[Extracted data entries]
#####

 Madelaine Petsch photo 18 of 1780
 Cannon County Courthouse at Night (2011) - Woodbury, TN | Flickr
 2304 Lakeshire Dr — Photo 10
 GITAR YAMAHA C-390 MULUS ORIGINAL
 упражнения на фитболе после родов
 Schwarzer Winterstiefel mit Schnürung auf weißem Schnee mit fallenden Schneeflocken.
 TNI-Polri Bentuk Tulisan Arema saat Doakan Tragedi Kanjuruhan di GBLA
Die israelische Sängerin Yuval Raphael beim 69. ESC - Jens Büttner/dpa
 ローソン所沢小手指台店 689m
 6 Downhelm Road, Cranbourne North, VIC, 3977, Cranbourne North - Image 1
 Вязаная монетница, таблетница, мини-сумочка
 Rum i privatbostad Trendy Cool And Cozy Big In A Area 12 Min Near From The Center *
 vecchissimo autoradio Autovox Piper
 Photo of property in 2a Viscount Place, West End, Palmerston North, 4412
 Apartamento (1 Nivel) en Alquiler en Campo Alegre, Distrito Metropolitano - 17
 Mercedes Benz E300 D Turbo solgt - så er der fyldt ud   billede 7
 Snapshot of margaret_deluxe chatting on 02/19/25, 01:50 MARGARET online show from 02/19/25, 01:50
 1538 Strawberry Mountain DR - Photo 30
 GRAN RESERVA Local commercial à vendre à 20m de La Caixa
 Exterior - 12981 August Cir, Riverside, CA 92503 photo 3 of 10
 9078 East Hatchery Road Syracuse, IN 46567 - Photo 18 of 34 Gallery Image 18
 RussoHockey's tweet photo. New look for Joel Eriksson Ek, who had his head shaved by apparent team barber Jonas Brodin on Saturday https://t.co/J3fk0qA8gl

#####

DIRECTIONS FOR THIS TASK: Only lines of the data holding the word "Road" go in the answer. Please copy each of them.

RESULT:
 6 Downhelm Road, Cranbourne North, VIC, 3977, Cranbourne North - Image 1
 9078 East Hatchery Road Syracuse, IN 46567 - Photo 18 of 34 Gallery Image 18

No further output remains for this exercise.